Re: [PATCH v4 2/2] proc: restrict /proc/pid/mem

From: Kees Cook
Date: Fri May 31 2024 - 17:29:45 EST


On Fri, May 24, 2024 at 10:28:58PM +0300, Adrian Ratiu wrote:
> Prior to v2.6.39 write access to /proc/<pid>/mem was restricted,
> after which it got allowed in commit 198214a7ee50 ("proc: enable
> writing to /proc/pid/mem"). Famous last words from that patch:
> "no longer a security hazard". :)
>
> Afterwards exploits started causing drama like [1]. The exploits
> using /proc/*/mem can be rather sophisticated like [2] which
> installed an arbitrary payload from noexec storage into a running
> process then exec'd it, which itself could include an ELF loader
> to run arbitrary code off noexec storage.
>
> One of the well-known problems with /proc/*/mem writes is they
> ignore page permissions via FOLL_FORCE, as opposed to writes via
> process_vm_writev which respect page permissions. These writes can
> also be used to bypass mode bits.
>
> To harden against these types of attacks, distrbutions might want
> to restrict /proc/pid/mem accesses, either entirely or partially,
> for eg. to restrict FOLL_FORCE usage.
>
> Known valid use-cases which still need these accesses are:
>
> * Debuggers which also have ptrace permissions, so they can access
> memory anyway via PTRACE_POKEDATA & co. Some debuggers like GDB
> are designed to write /proc/pid/mem for basic functionality.
>
> * Container supervisors using the seccomp notifier to intercept
> syscalls and rewrite memory of calling processes by passing
> around /proc/pid/mem file descriptors.
>
> There might be more, that's why these params default to disabled.
>
> Regarding other mechanisms which can block these accesses:
>
> * seccomp filters can be used to block mmap/mprotect calls with W|X
> perms, but they often can't block open calls as daemons want to
> read/write their runtime state and seccomp filters cannot check
> file paths, so plain write calls can't be easily blocked.
>
> * Since the mem file is part of the dynamic /proc/<pid>/ space, we
> can't run chmod once at boot to restrict it (and trying to react
> to every process and run chmod doesn't scale, and the kernel no
> longer allows chmod on any of these paths).
>
> * SELinux could be used with a rule to cover all /proc/*/mem files,
> but even then having multiple ways to deny an attack is useful in
> case one layer fails.
>
> Thus we introduce four kernel parameters to restrict /proc/*/mem
> access: open-read, open-write, write and foll_force. All these can
> be independently set to the following values:
>
> all => restrict all access unconditionally.

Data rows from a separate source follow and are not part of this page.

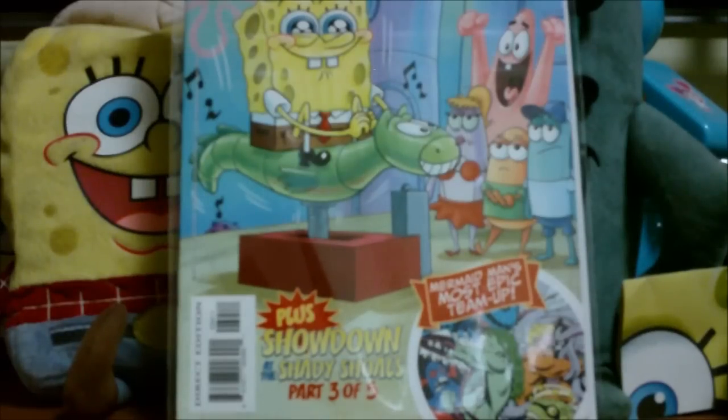Hello again YouTubers, AutomateSpongeBot101 back here again on the SpongeBob channel with our SpongeBob Comics number 34 review video.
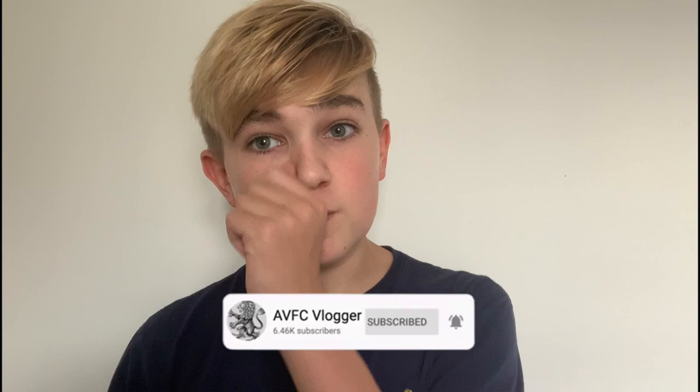That's the end of the video — hope you guys enjoyed it. Please like the video, it means so much. Also go vote for me in the Football Blogging Awards — the link is in the top of the description. Let's bring that trophy back home to Birmingham. Subscribe if you're new — road to 10,000 subscribers. Up the Villa!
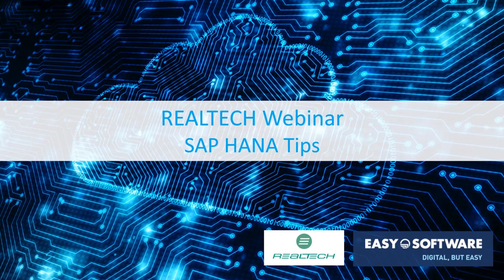Good afternoon, ladies and gentlemen, and thank you for joining our webcast. Today we're going to be discussing our top 10 tips for migrating to S4 HANA, a very exciting topic that many of you are likely experiencing or are soon to experience. So with our partner Realtek, Easy Software will be walking you through this webcast, and we hope you find it very informative.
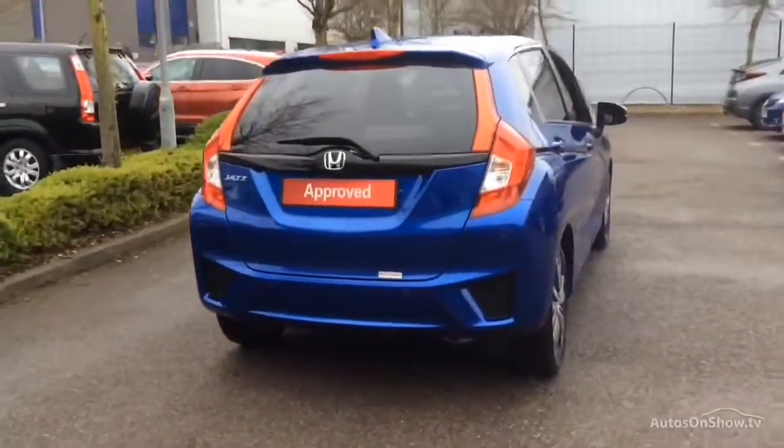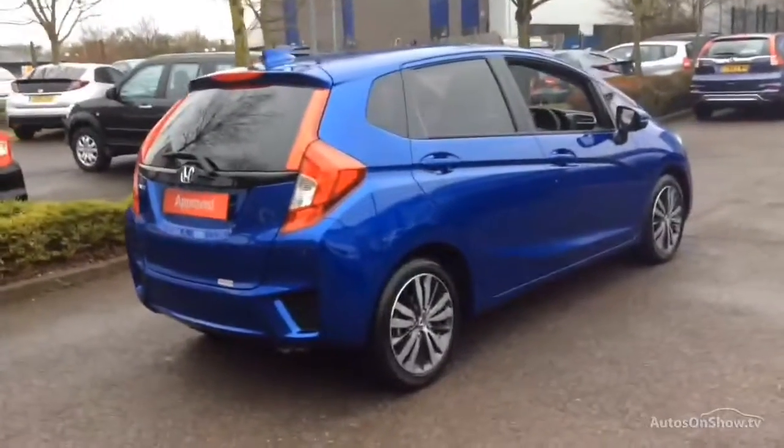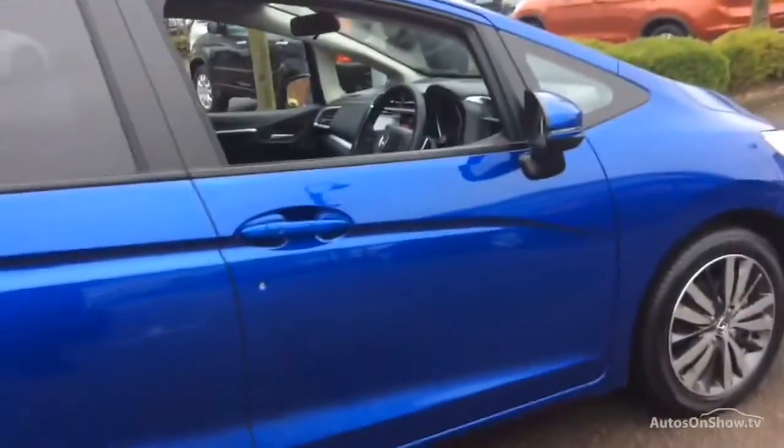If for any reason you decide it's not exactly what you're looking for, don't worry. We have access to over 250 approved pre-owned Honda models in group stock, with stock changing daily, so we're extremely confident we'll have the perfect model for you at one of our dealerships.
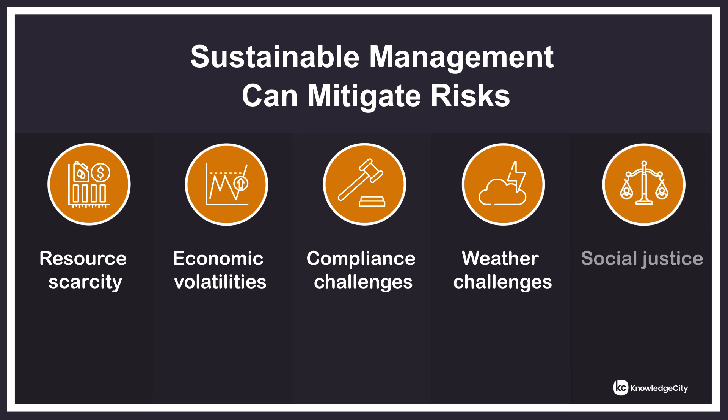Integrating sustainability into a business strategy is not just about environmental responsibility — it is economically rewarding as well. When you adopt sustainable practices, you can save money and find new avenues to increase sales.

> ptracer => restrict all access except for ptracer processes.
>
> If left unset, the existing behaviour is preserved, i.e. access
> is governed by basic file permissions.
>
> Examples which can be passed by bootloaders:
>
> proc_mem.restrict_foll_force=all
> proc_mem.restrict_open_write=ptracer
> proc_mem.restrict_open_read=ptracer
> proc_mem.restrict_write=all
>
> These knobs can also be enabled via Kconfig like for eg:
>
> CONFIG_PROC_MEM_RESTRICT_WRITE_PTRACE_DEFAULT=y
> CONFIG_PROC_MEM_RESTRICT_FOLL_FORCE_PTRACE_DEFAULT=y
>
> Each distribution needs to decide what restrictions to apply,
> depending on its use-cases. Embedded systems might want to do
> more, while general-purpouse distros might want a more relaxed
> policy, because for e.g. foll_force=all and write=all both break
> break GDB, so it might be a bit excessive.
>
> Based on an initial patch by Mike Frysinger <vapier@xxxxxxxxxxxx>.
>
> Link: https://lwn.net/Articles/476947/ [1]
> Link: https://issues.chromium.org/issues/40089045 [2]
> Cc: Guenter Roeck <groeck@xxxxxxxxxxxx>
> Cc: Doug Anderson <dianders@xxxxxxxxxxxx>
> Cc: Kees Cook <keescook@xxxxxxxxxxxx>
> Cc: Jann Horn <jannh@xxxxxxxxxx>
> Cc: Andrew Morton <akpm@xxxxxxxxxxxxxxxxxxxx>
> Cc: Randy Dunlap <rdunlap@xxxxxxxxxxxxx>
> Cc: Christian Brauner <brauner@xxxxxxxxxx>
> Co-developed-by: Mike Frysinger <vapier@xxxxxxxxxxxx>
> Signed-off-by: Mike Frysinger <vapier@xxxxxxxxxxxx>
> Signed-off-by: Adrian Ratiu <adrian.ratiu@xxxxxxxxxxxxx>
> ---
> Changes in v4:
> * Renamed parameters to use a fake namespace and respect
> subject-verb-objec pattern (eg proc_mem.restrict_read)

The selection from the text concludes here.